From an archaeological perspective, the pre-Dogon period is dated at Ounjougou from the 4th century BC, but its floruit is situated between the 7th and 13th centuries AD. The ceramic and metallic assemblages for this period are well known due to the study of the site of Dangandouloun, a rock shelter with ritual function. In the near Bandiagara Escarpment, on the site of Dourou-Boro, a set of funerary structures built of clay coiling between the 3rd and 4th century and used until the 9th century AD is also attributed to pre-Dogon period. These findings, which have filled an important archaeological hiatus, question the concept of Toloy and Tellem cultures, studied in the caves of the cliff near Sangha.

The model which has been commonly accepted since the 1970s emphasizes the existence of a gap between the Toloy and Tellem entities, not only on the basis of a chronological hiatus and architectural differences, but also from important cultural differences revealed by the ceramic traditions. Recent data argue for a revision of this paradigm, which assumes a three-step population model (Toloy, Tellem and Dogon). Newly acquired information rather suggests that the Dogon country has been for the past two millennia an open region, integrating over the centuries many cultural features through migrant group, craftmen, objects and savoir-faire from multiple areas, such as the Mema and the Inland Niger delta in the northwest, the Gourma or Oudalan east, Burkina Faso or voltaic south eastern Senegal, without a complete turnover of the population.

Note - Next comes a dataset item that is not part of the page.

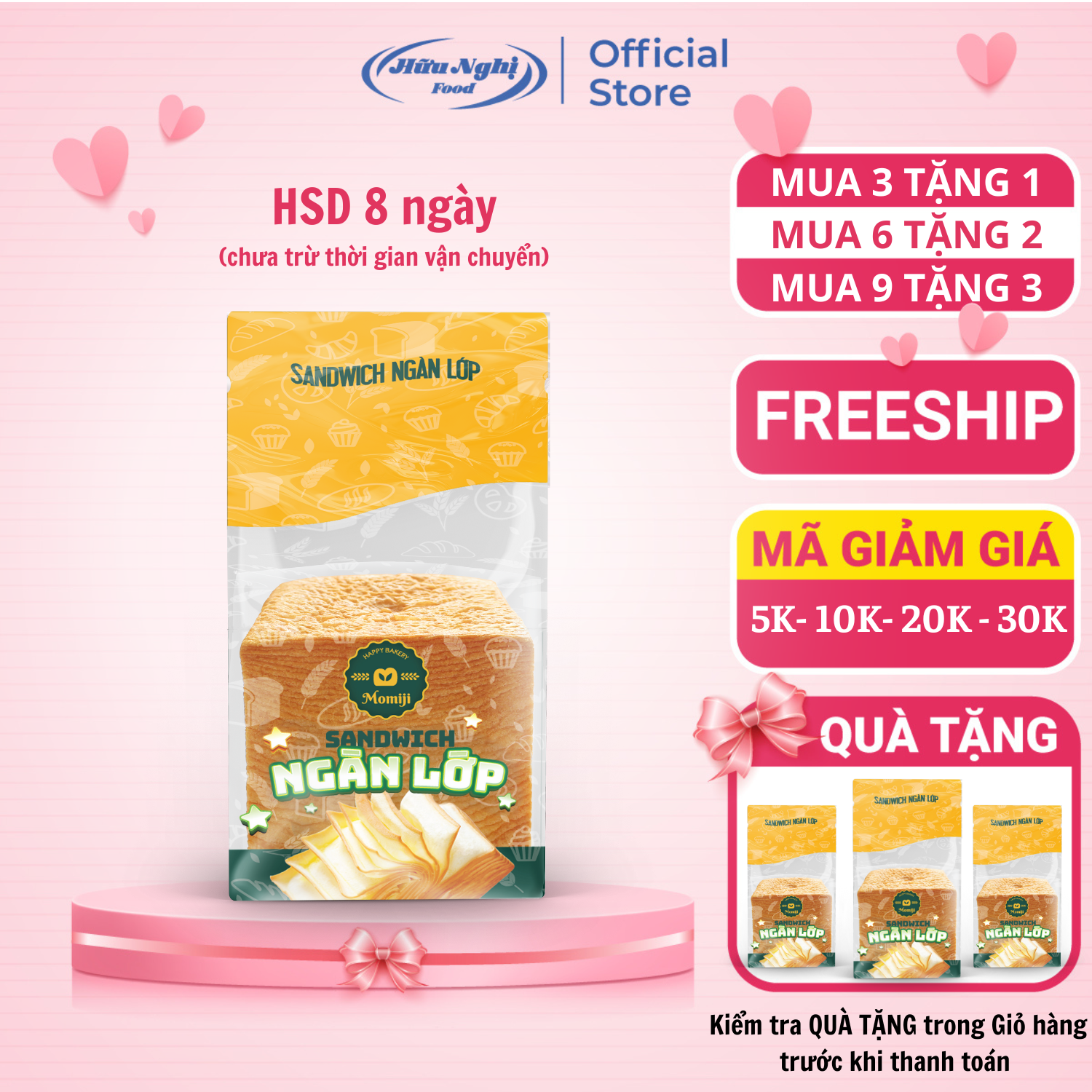 (Mua 1 COMBO tặng 1 bánh cùng loại) COMBO 3 Bánh Sandwich Ngàn Lớp Momiji 100g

Research at Ounjougou also showed links between the Bandiagara Plateau and the neighboring Mandé, Gur and Songhay ethnolinguistic spheres. Analysis of the surface ceramic assemblages from a dozen abandoned villages near Ounjougou and radiocarbon dating of one of these indicate that the Bandiagara Plateau was occupied by the Dogon from the 15th century AD. In addition, ethnohistorical surveys reveal several waves of settlement by different Dogon clans, followed by multiple relocations and reoccupations of villages linked to climatic, environmental or political causes, today reflected in a certain number of land conflicts. The Dogon populations have been the focus of many ethnohistorical and ethnoarchaeological studies, especially regarding the different ceramic traditions and metallurgical production.